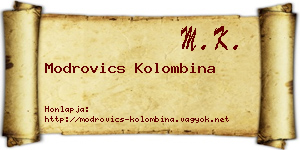Modrovics Kolombina névjegykártya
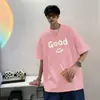 Camiseta Retro Americana de Manga Corta para Hombre, Verano, Algodón Puro de Peso Pesado, Marca de Moda para Adolescentes, Camiseta de Media Manga Holgada y Versátil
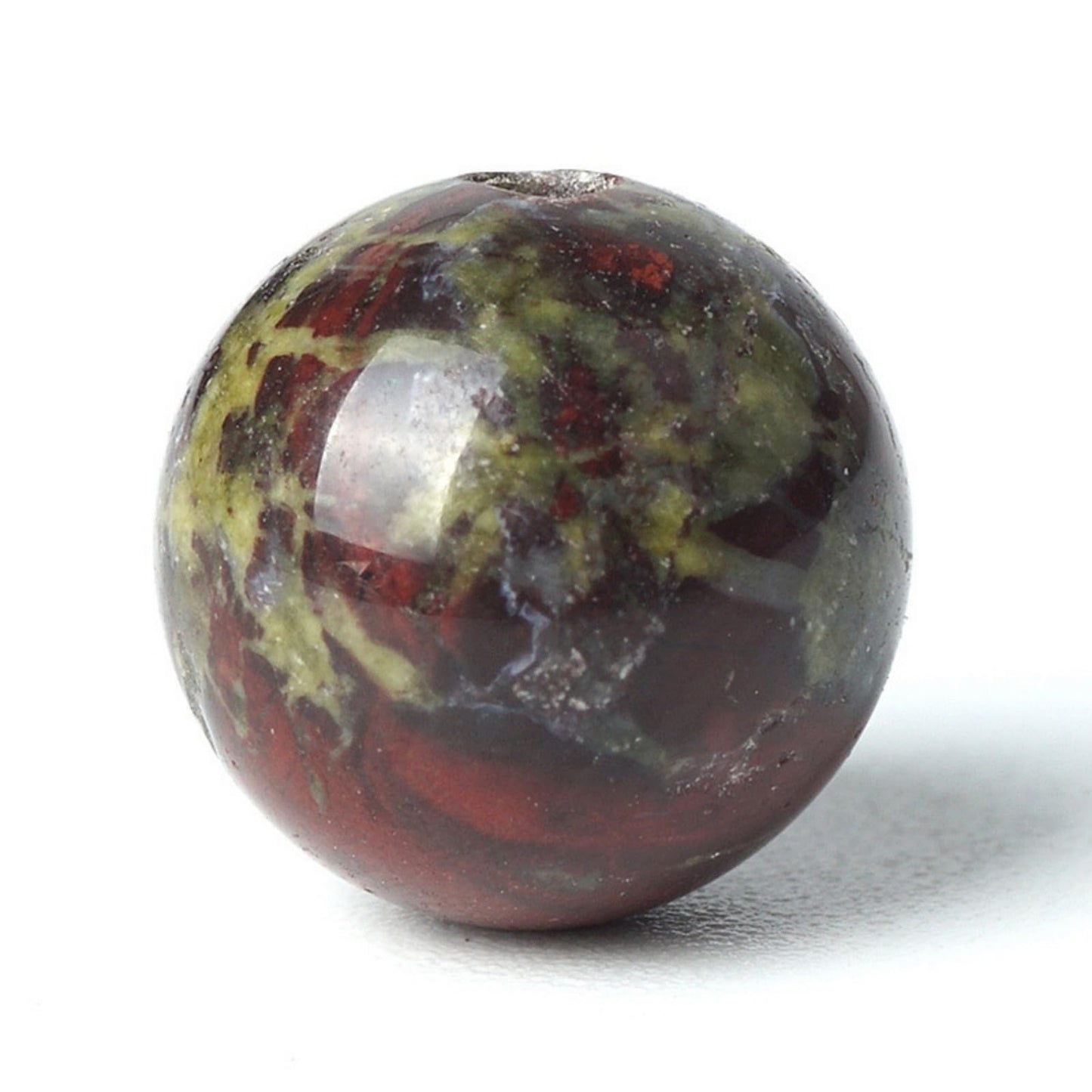100Pcs Natural Stone 8mm Dragon Bloodstone Round Loose Gemstone Energy Healing Beads Hole Size 1mm DIY Smooth Beads for Bracelet Necklace Earrings Jewelry Making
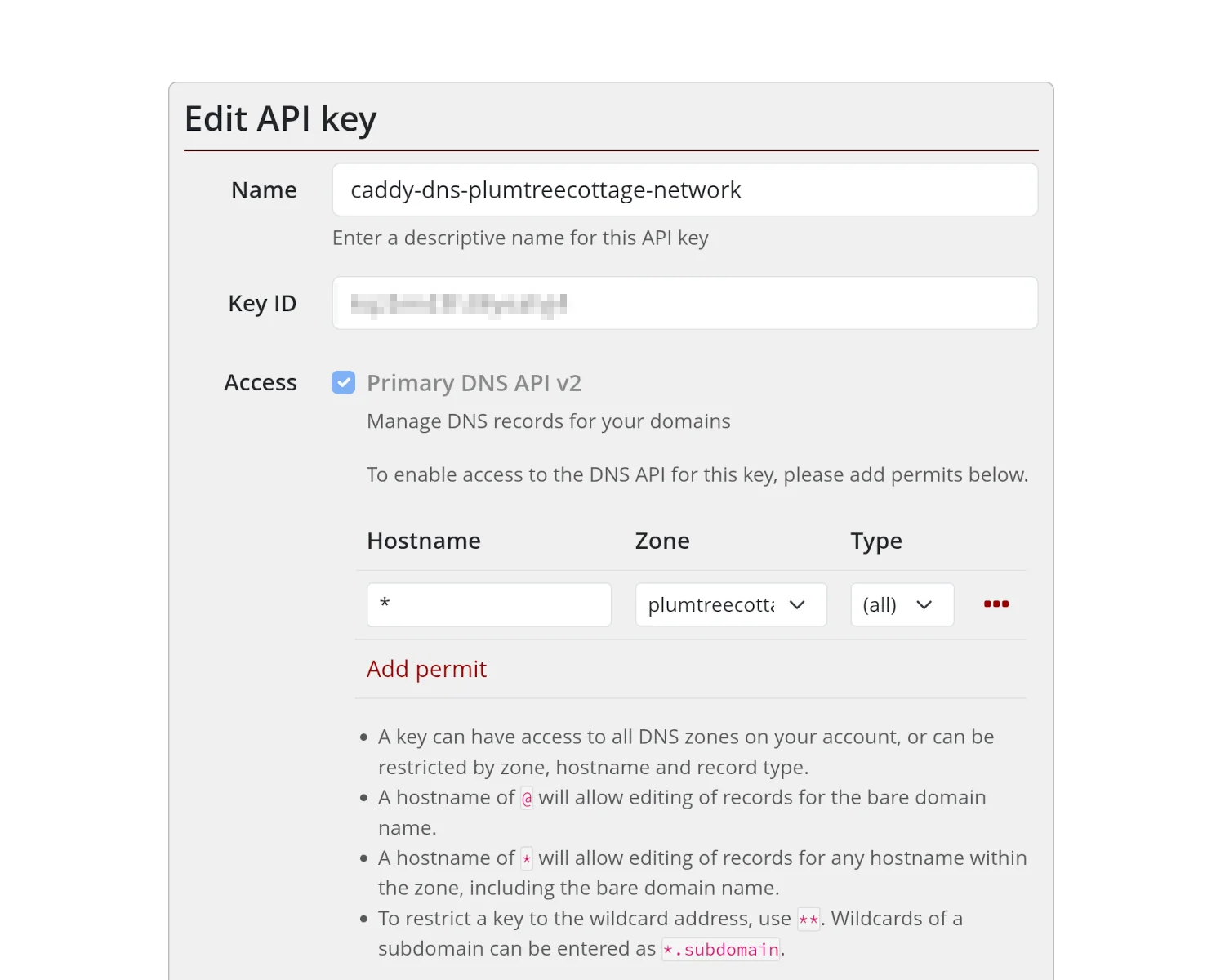 A screenshot of the Mythic Beasts API key control panel.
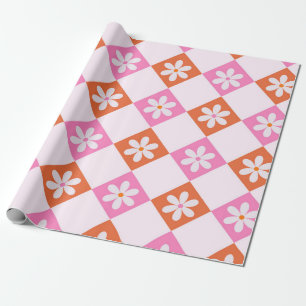 Papel De Presente Flores Brancas Retro em Diamantes Laranja e Rosa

> _Task details_:
Set down each entry above exactly as it appears. Omit the pictures.

> _Response below_:
Modrovics Kolombina névjegykártya
 Camiseta Retro Americana de Manga Corta para Hombre, Verano, Algodón Puro de Peso Pesado, Marca de Moda para Adolescentes, Camiseta de Media Manga Holgada y Versátil
100Pcs Natural Stone 8mm Dragon Bloodstone Round Loose Gemstone Energy Healing Beads Hole Size 1mm DIY Smooth Beads for Bracelet Necklace Earrings Jewelry Making
 A screenshot of the Mythic Beasts API key control panel.
 Papel De Presente Flores Brancas Retro em Diamantes Laranja e Rosa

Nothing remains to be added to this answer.